A theoretical benefit of screening is that identification may prevent lead poisoning of other individuals in a shared environment, but the magnitude of this theoretical benefit is uncertain.

POTENTIAL HARMS

Harms of Detection and Early Treatment

There is good quality evidence that chelation treatment in asymptomatic children does not improve neurodevelopmental outcomes and is associated with a slight diminution in cognitive performance. Chelation therapy may result in transient renal, hepatic, and other toxicity, mild gastrointestinal symptoms, sensitivity reactions, and rare life-threatening reactions. Residential lead-based paint and dust hazard control treatments may lead to acutely increased blood lead levels from improper removal techniques. Potential harms of screening are false-positive results, anxiety, inconvenience, work or school absenteeism, and financial costs associated with repeated testing. Although the exact magnitude of these known and potential harms is uncertain, the overall magnitude is at least small.

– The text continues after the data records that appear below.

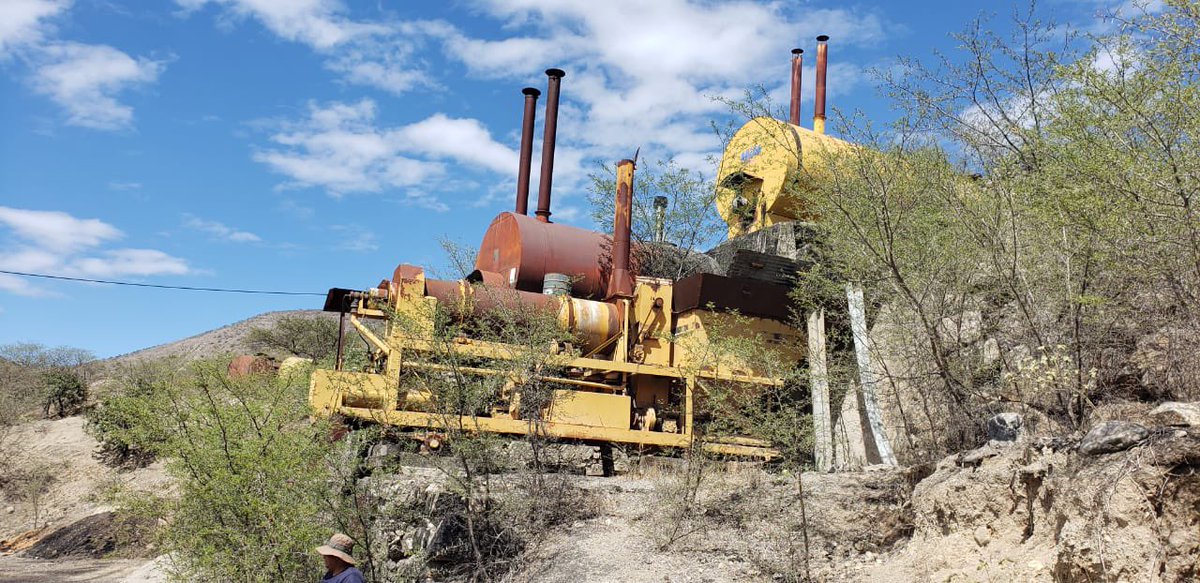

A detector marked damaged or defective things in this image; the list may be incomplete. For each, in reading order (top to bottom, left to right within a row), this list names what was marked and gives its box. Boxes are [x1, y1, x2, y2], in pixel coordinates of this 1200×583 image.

rusty orange chimney pipe [513, 85, 537, 214]
rusty metal smokestack [511, 86, 540, 213]
rusty pipe [513, 86, 542, 213]
rusty metal smokestack [540, 68, 566, 223]
rusty pipe [540, 68, 566, 223]
rusty orange chimney pipe [540, 68, 566, 223]
rusty metal smokestack [787, 47, 806, 126]
rusty orange chimney pipe [787, 47, 806, 126]
rusty metal smokestack [811, 35, 830, 136]
rusty pipe [811, 35, 830, 136]
rusty orange chimney pipe [811, 36, 830, 135]
rusty cylindrical tank [472, 212, 609, 298]
rusty metal smokestack [609, 157, 638, 298]
rusty orange chimney pipe [609, 157, 638, 298]
rusty pipe [609, 158, 638, 298]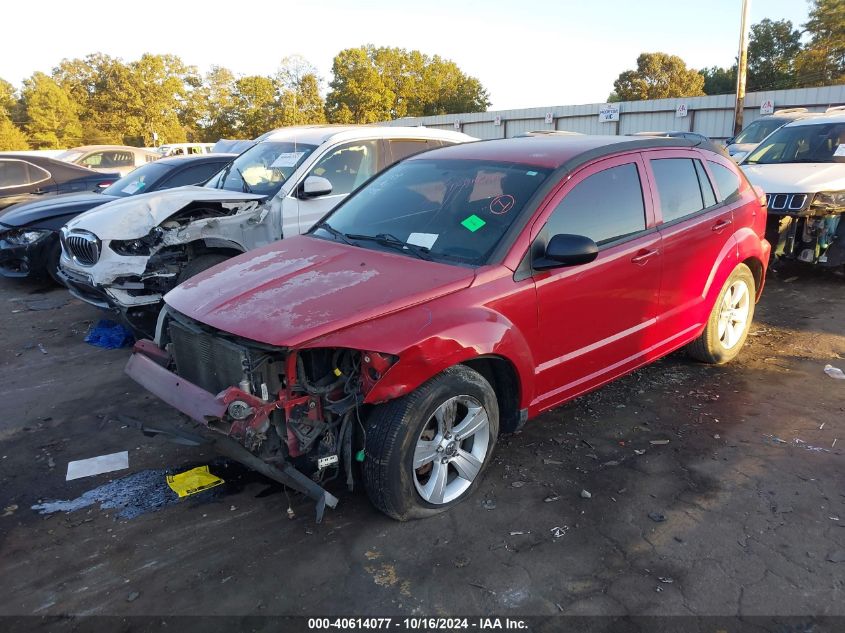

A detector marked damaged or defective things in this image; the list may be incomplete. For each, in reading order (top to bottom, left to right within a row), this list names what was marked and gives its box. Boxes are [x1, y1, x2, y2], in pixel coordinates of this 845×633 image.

broken headlight assembly [0, 228, 50, 246]
broken headlight assembly [109, 228, 162, 256]
crushed front end [128, 306, 396, 520]
wrecked white car [59, 123, 474, 330]
damaged bmw [59, 121, 474, 334]
damaged bmw [127, 133, 772, 520]
damaged red suv [127, 137, 772, 520]
crushed front end [764, 190, 844, 266]
broken headlight assembly [808, 190, 844, 215]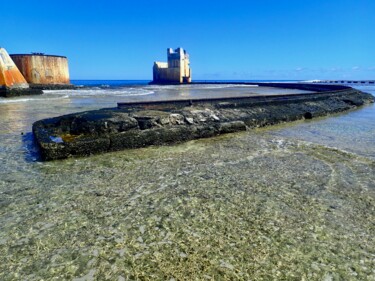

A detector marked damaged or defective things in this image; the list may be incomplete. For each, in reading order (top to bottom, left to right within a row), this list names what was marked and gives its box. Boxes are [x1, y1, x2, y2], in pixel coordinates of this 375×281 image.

rusty metal structure [10, 53, 70, 85]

No studies have directly addressed the harms of screening and interventions for pregnant women. Although there is little specific evidence concerning the potential harms of interventions for pregnant women with elevated blood lead levels, the magnitude of harms from such interventions is also at least small.

QUALIFYING STATEMENTS

QUALIFYING STATEMENTS

Recommendations made by the U.S. Preventive Services Task Force are independent of the U.S. government. They should not be construed as an official position of the Agency for Healthcare Research and Quality (AHRQ) or the U.S. Department of Health and Human Services.

IMPLEMENTATION OF THE GUIDELINE

DESCRIPTION OF IMPLEMENTATION STRATEGY

The experiences of the U.S. Preventive Services Task Force (USPSTF), as well as that of other evidence-based guideline efforts, have highlighted the importance of identifying effective ways to implement clinical recommendations. Practice guidelines are relatively weak tools for changing clinical practice when used in isolation. To effect change, guidelines must be coupled with strategies to improve their acceptance and feasibility. Such strategies include enlisting the support of local opinion leaders, using reminder systems for clinicians and patients, adopting standing orders, and audit and feedback of information to clinicians about their compliance with recommended practice.

In the case of preventive services guidelines, implementation needs to go beyond traditional dissemination and promotion efforts to recognize the added patient and clinician barriers that affect preventive care. These include clinicians' ambivalence about whether preventive medicine is part of their job, the psychological and practical challenges that patients face in changing behaviors, lack of access to health care or of insurance coverage for preventive services for some patients, competing pressures within the context of shorter office visits, and the lack of organized systems in most practices to ensure the delivery of recommended preventive care.

Dissemination strategies have changed dramatically in this age of electronic information. While recognizing the continuing value of journals and other print formats for dissemination, the Agency for Healthcare Research and Quality makes all U.S. Preventive Services Task Force (USPSTF) products available through its Web site. The combination of electronic access and extensive material in the public domain should make it easier for a broad audience of users to access U.S. Preventive Services Task Force materials and adapt them for their local needs. Online access to U.S. Preventive Services Task Force products also opens up new possibilities for the appearance of the annual, pocket-size Guide to Clinical Preventive Services. USPSTF recommendations also are available in an electronic selector tool. The ePSS can be accessed on the Internet or downloaded to to a PDA.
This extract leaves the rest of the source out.